Louise schenkt het pakket aan de Koninklijke Academie van Åbo (Turku), na Uppsala en Dorpat (Tartu) de grootste universiteit van het koninkrijk Zweden. Zij overhandigt de papieren aan Carl Adam Wachtmeister, met wie zij goede banden heeft, en vooral omdat hij de kanselier van de Åbo Academie is. In Stockholm geeft Wachtmeister het door aan zijn vice-kanselier, aartsbisschop Tengström, die op het punt staat naar Åbo af te reizen. Eenmaal gearriveerd in Åbo overhandigt Tengström de brief met twee pakketten aan de Academie. Hij stelt voor het in een kist te bewaren, waarin hij de nog in bewerking zijnde verzameling van wijlen hoogleraar Porthen gaat opslaan. Op 13 augustus 1807 gaat het Academiebestuur daarmee akkoord en stuurt de gravin daarvan een bericht.

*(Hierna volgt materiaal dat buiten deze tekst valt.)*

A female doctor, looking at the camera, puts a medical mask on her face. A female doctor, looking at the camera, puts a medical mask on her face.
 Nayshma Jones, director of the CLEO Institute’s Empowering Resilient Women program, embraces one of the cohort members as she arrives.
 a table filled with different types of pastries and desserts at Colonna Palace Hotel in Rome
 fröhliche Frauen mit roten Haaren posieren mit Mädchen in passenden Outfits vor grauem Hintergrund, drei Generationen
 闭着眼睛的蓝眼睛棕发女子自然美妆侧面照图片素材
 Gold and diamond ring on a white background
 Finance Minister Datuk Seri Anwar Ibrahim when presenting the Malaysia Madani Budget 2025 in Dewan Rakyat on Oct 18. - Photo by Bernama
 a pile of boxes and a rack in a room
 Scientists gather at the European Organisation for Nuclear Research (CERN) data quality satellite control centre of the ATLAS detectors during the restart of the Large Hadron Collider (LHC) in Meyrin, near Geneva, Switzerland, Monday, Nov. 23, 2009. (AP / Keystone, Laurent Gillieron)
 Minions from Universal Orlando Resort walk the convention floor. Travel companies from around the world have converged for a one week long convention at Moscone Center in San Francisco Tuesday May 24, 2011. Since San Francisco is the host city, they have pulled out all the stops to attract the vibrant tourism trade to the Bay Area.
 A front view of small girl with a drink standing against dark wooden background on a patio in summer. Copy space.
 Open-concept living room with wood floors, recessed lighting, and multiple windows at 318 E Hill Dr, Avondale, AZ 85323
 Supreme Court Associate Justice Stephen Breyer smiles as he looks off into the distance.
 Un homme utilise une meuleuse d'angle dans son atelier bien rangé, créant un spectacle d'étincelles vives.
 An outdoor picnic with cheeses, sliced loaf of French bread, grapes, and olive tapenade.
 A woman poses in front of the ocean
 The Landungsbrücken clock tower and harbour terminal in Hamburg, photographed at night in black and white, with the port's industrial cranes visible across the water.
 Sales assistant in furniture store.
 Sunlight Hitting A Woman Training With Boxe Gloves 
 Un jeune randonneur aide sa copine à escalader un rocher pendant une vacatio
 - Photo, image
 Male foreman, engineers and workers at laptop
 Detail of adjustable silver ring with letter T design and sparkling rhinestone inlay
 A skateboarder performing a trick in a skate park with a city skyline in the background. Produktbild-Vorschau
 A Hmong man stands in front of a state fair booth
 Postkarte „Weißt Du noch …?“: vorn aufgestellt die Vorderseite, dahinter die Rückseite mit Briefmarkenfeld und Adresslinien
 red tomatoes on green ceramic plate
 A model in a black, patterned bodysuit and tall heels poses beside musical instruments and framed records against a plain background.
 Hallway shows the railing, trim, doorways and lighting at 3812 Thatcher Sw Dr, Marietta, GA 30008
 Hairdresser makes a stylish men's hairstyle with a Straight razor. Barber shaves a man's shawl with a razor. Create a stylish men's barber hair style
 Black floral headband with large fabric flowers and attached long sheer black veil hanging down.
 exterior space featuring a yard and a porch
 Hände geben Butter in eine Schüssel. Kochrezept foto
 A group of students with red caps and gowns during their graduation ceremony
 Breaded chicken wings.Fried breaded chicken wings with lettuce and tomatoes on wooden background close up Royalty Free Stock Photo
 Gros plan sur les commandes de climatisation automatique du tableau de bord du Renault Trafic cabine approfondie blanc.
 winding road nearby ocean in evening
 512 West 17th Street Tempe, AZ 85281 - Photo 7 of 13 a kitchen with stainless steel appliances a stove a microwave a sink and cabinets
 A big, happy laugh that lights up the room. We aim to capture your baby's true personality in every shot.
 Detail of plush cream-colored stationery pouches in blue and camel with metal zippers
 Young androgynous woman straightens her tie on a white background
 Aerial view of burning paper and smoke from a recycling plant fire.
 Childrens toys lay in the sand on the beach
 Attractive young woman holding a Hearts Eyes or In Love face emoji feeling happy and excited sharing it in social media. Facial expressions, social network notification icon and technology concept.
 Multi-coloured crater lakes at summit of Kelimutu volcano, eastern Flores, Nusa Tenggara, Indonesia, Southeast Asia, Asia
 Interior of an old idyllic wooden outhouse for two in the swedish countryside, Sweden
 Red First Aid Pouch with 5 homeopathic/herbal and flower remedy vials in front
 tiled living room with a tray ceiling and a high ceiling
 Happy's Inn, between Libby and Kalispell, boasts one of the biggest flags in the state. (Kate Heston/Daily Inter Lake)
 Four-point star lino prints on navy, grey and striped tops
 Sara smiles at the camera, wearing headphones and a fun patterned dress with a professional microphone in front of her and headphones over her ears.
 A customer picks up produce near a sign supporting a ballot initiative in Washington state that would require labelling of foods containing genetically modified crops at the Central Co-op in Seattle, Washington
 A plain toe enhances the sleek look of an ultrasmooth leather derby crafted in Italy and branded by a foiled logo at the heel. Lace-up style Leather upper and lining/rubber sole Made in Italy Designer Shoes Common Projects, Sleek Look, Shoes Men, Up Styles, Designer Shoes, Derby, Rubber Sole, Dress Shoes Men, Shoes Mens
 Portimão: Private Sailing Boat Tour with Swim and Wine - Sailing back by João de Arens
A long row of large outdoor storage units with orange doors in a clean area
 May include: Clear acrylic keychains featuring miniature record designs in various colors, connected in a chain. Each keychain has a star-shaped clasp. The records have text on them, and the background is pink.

Tien jaar later, een half jaar voor het overlijden van Louise, is Tengström klaar met zijn werk. Hij stelt een memorandum op om de papieren van Porthan toe te voegen aan de Meijerfeldtse papieren. Hij doet het voorstel de kist met twee sleutels te sluiten, te verzegelen en pas in het jaar 1900 te openen. Bij besluit van 24 maart 1817 gaat het Academiebestuur met dat voorstel onder dankzegging akkoord.

In 1827 verwoest een grote brand de stad Åbo. Op 5 september bereikt de brand de bibliotheek en het archief van de Academie. Een jonge historicus Gabriel Rein weet veel te redden. De kast waarin de kist zich bevindt staat gelukkig in een ander gebouw. Finland is dan een groothertogdom binnen het Russische keizerrijk en de tsaar wijst Helsingfors aan als nieuwe hoofdstad. De Academie moet met bibliotheek en archief mee verhuizen en wordt vernoemd naar de tsaar: Alexander Universiteit.

Tengström laat in 1828 toch de kist openen. Hij is er niet gerust op is dat de inhoud daarvan onbeschadigd is gebleven. Dat blijkt allemaal mee te vallen. Voordat hij de kist opnieuw sluit en verzegelt maakt hij van de gelegenheid gebruik om de tweede omslag van de Meijerfeldtse papieren uit de kist te halen. Tengström doet er zelf een omslag om heen met de tekst “Fältmarskalken grefve Meyerfelts enskilta correspondence med K. Gustaf III och Hertigen af Södermanland åren 1788—1790, skänkte af Grefvinnan Meyerfelt till Universitetet i Åbo”. Die tekst is verkeerd. De correspondentie van Von Meijerfeldt met de koning en zijn broer blijft juist in de kist achter. De universiteit doet nog eens een verzegelde omslag om Tengström’s omslag, met de tekst dat het in het jaar 1856 mag worden geopend. Dit pakket komt los in dezelfde kast te liggen.

Zomer 1856 zijn de 50 jaren voorbij. De bibliotheek en het archief van de universiteit zijn echter niet meer in Helsingfors. Zij zijn naar Tavastehus in het binnenland overgebracht, vanwege de Krimoorlog waarin Rusland onder andere tegenover het geallieerde Zweden staat. Later in 1856 is de oorlogsdreiging voorbij en wordt het archief naar een bankgewelf van de universiteit in Helsingfors gebracht.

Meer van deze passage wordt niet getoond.